Catholiques d’abord

La grande maison d’édition de philosophie Vrin, fondée en 1911 par Joseph Vrin, l’une des rares spécialisées en France en ce domaine, rend tout ce qu’elle doit au penseur et historien de la philosophie Étienne Gilson, en publiant le premier tome de ses Œuvres complètes, confié à Florian Michel, déjà auteur chez le même éditeur en 2018 de Étienne Gilson. Une biographie intellectuelle et politique.

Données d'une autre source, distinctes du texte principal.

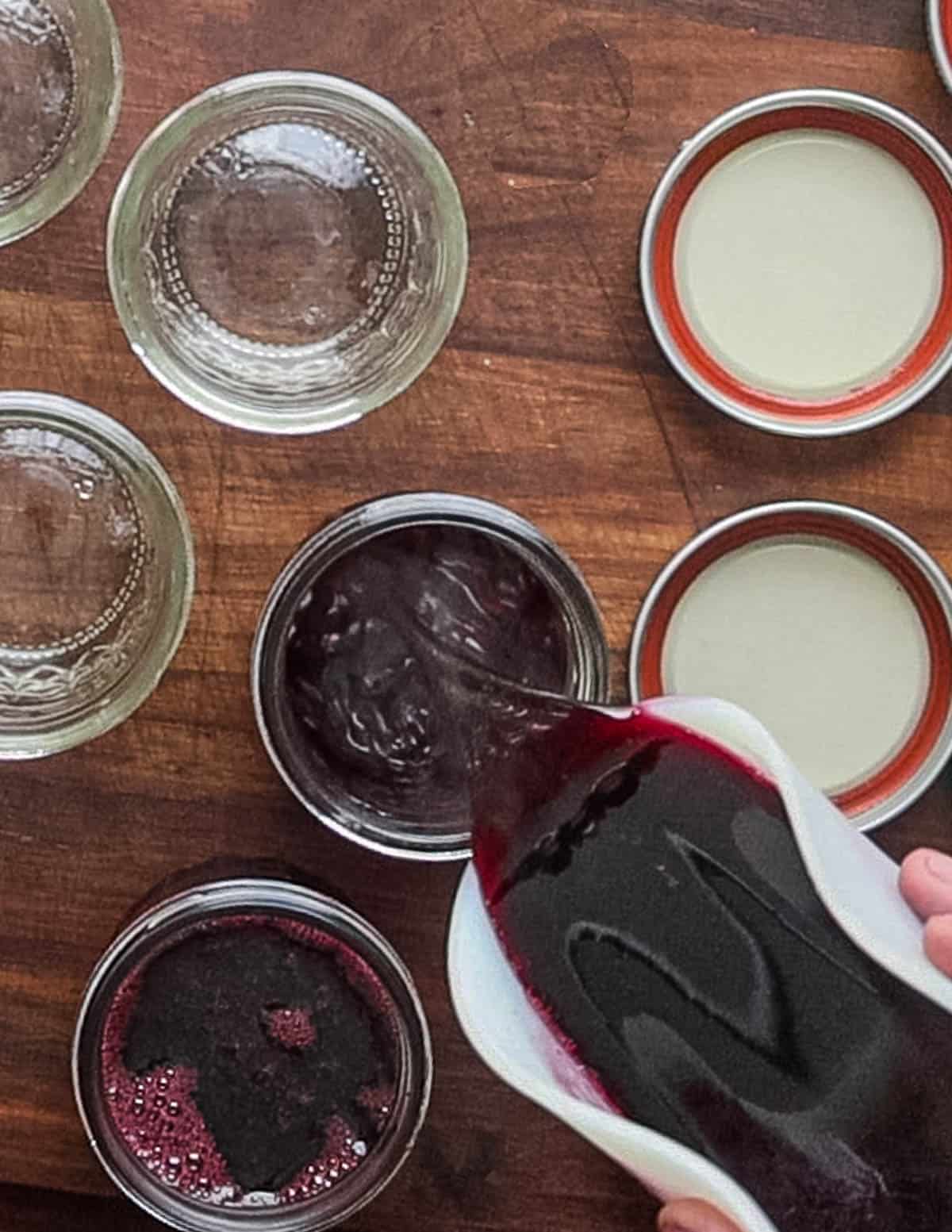 Pouring chokecherry syrup into mason jars for canning.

Entreprise dont on ignore encore le nombre de volumes, mais qui sera, à n’en pas douter, un monument impressionnant, utile aux historiens de la pensée au XXe siècle au même titre que les Œuvres complètes de Georges Canguilhem chez le même éditeur.

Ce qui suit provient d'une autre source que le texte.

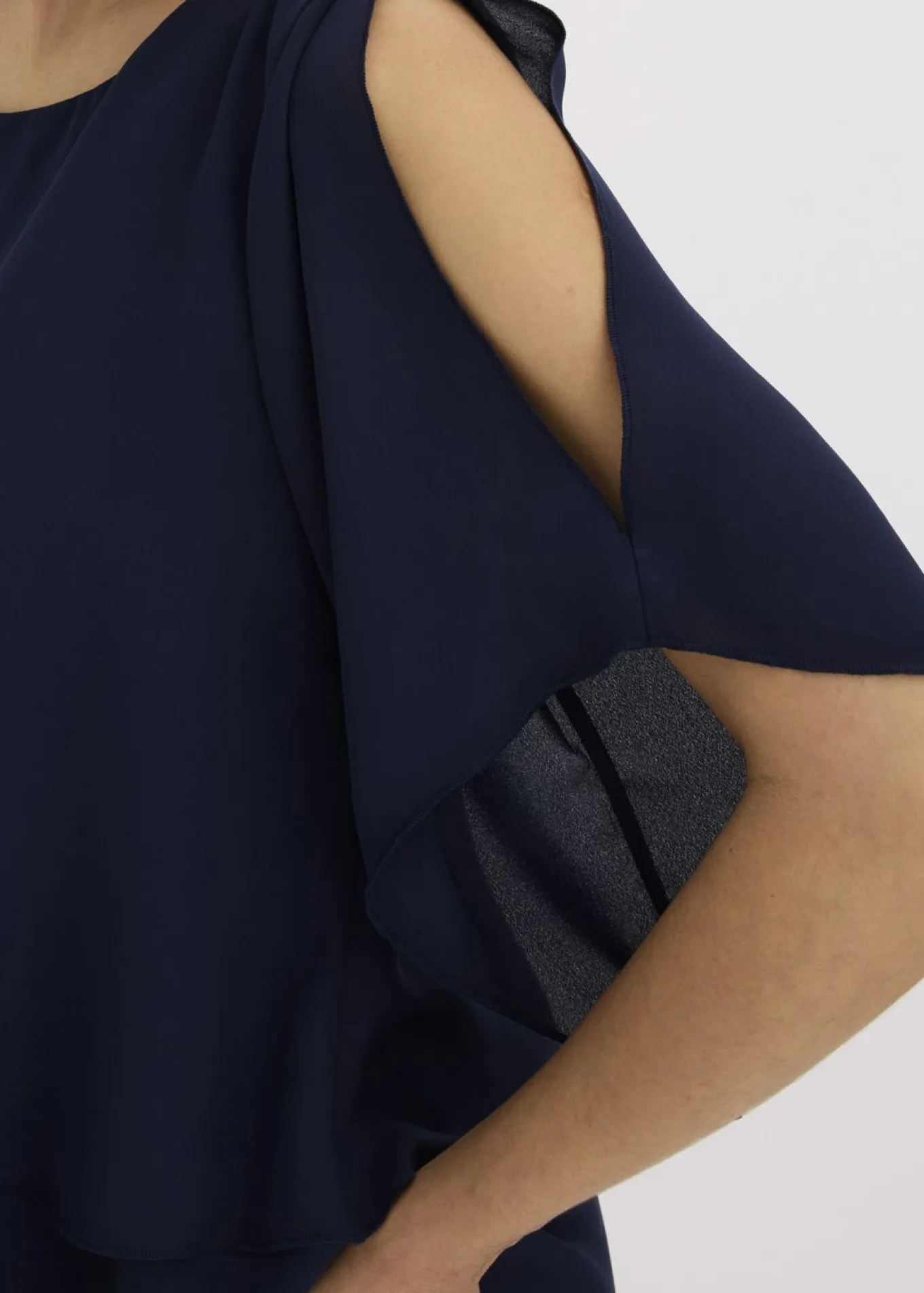 Blusa con cremallera con aspecto de capas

Étienne Gilson, Un philosophe dans la cité, 1908-1943. Œuvres complètes, tome 1. Vrin, 818 p., 38 €


La rencontre dans les années 1920 entre le philosophe et l’éditeur fut déterminante pour l’expression de la philosophie en France. Gilson publiera chez Vrin la plupart de ses livres importants et y construira tout un dispositif de collections assurant une présence publique forte à cette discipline. Ce premier volume, que d’autres suivront selon un ordre plus thématique que chronologique (l’histoire de la philosophie médiévale et moderne, l’esthétique, la métaphysique, etc.), se concentre sur « les engagements publics et politiques » d’Étienne Gilson entre les années 1908 et 1943.

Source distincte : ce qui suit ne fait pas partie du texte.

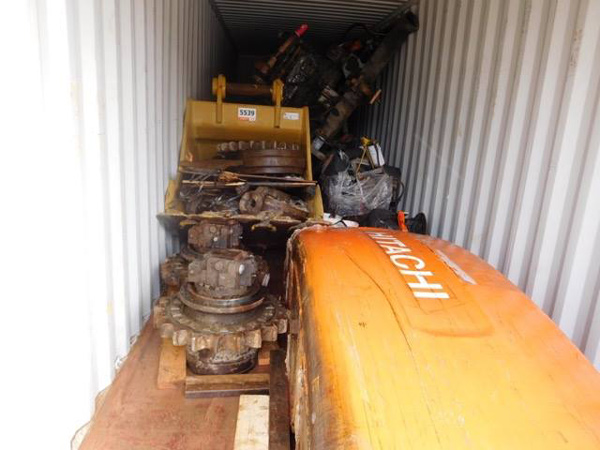 Heavy machinery taken apart to fit in a container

En même temps qu’il contribue avec d’autres à ouvrir à l’histoire de la pensée le continent médiéval, et pas uniquement chrétien, mais aussi juif et musulman, sottement ignoré par des sorbonicoles laïcards considérant qu’il relevait de la théologie et donc de l’irrationalité du mythe, Gilson tente, dans ses prises de position publiques, de doter ce qu’on appelle alors l’Action catholique, voulue par le pape Pie XI pour encadrer l’action des laïcs catholiques dans la cité, d’une sorte de doctrine, une charte théorico-pratique définissant le contexte de l’action légitime, ses fins et ses limites.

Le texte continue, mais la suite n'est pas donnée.